Начало (СИ) - Вязовский Алексей (лучшие книги TXT) 📗
Внешне бодрый, жизнерадостный, но очень бледный, с александровской лентой через плечо, вошел Бибиков. Поклонился, занял указанное ему императрицей кресло. За окнами дворца бушевала вьюга. Снежные космы, как беглый пламень, плескались по зеркальным стеклам. В зале сумеречно, хотя был полдень.
Ливрейные слуги запалили горючие нити, которые вились от светильни к светильне всех ста пятидесяти свечей, и обе люстры вспыхнули, как рождественские елки. На длинном столе заседания зажгли кенкеты – фарфоровые масляные лампы. Четыре лакея в белейших перчатках подали государыне и всем присутствующим горячий чай в расписных гарднеровских чашках. Екатерине прислуживал сам граф Строганов.
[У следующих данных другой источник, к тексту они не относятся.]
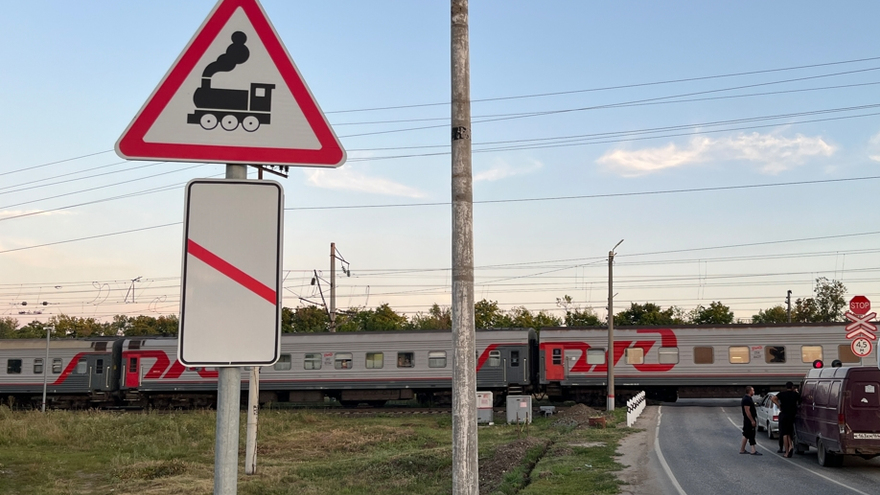 В Саратове на 4 часа закроют железнодорожный переезд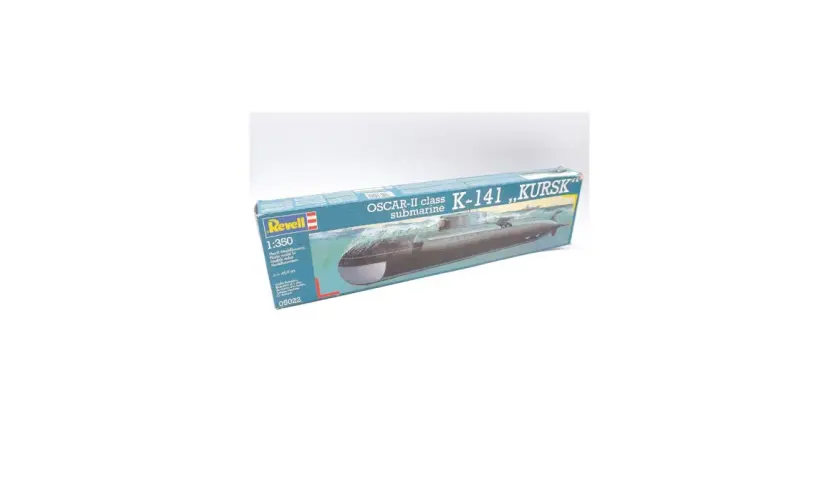 Pudełko z modelem okrętu podwodnego OSCAR-II class K-141 „Kursk” w skali 1:350 od Revell.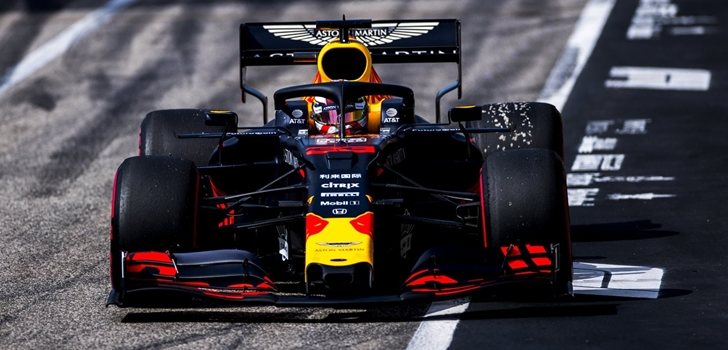 Verstappen, en el pit lane de Austin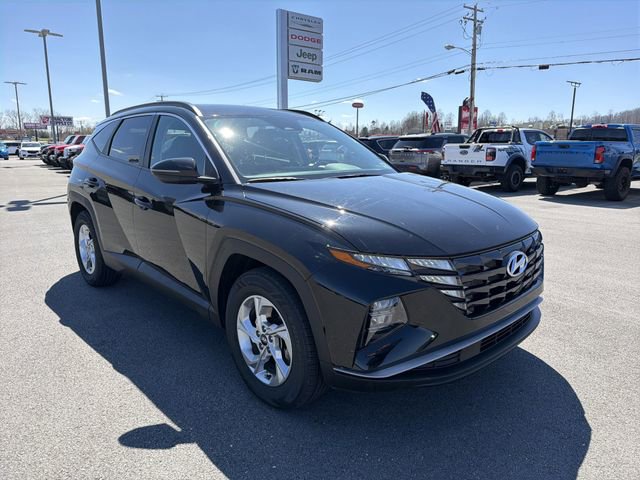 Used 2022 Hyundai Tucson SEL w/ Cargo Package image 3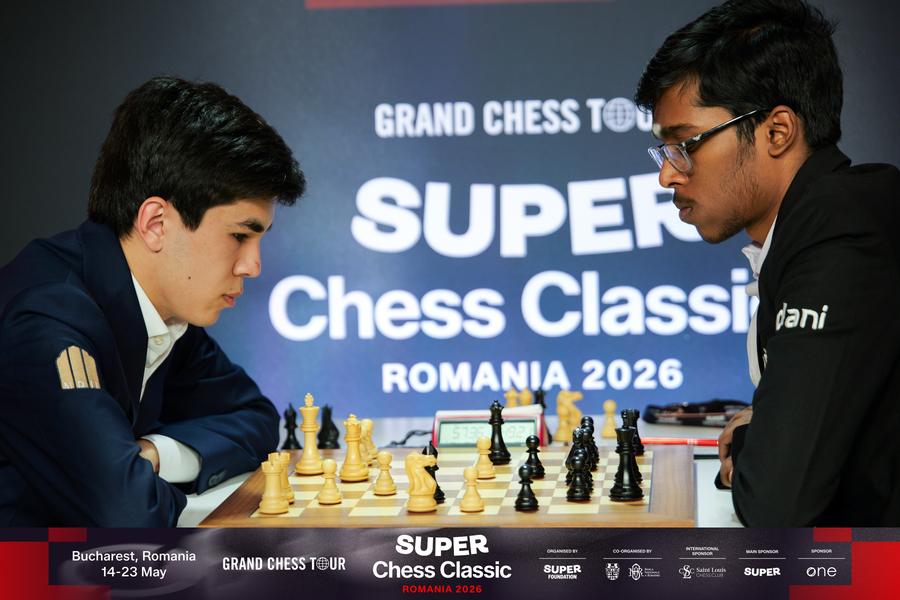 Primele victorii la Super Chess Classic România 2026: Praggnanandhaa, Keymer și Vachier-Lagrave conduc după runda a II-a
В огромном зале было довольно свежо. Императрица поеживалась, зябко передергивая плечами, дважды кашлянула в раздушенный платочек. Григорий Орлов сорвался с места и ловко накинул на её плечи пелерину из пышных якутских соболей.
Екатерина посмотрела по-холодному на Чернышева, что не распорядился как следует протопить печи, сказала Орлову: «Мерси» и потянулась к горячему чаю. Чернышев понял недовольство императрицы.
Перестав преданно улыбаться, он пальцем подманил мордастого лакея, что-то сердито шепнул ему и, поджав сухие губы, незаметно лягнул его каблуком в ногу. Тотчас запылали два огромных камина.
– Разрешите, ваше величество, – сказал Вяземский, приподнявшись и щелкнув каблуками.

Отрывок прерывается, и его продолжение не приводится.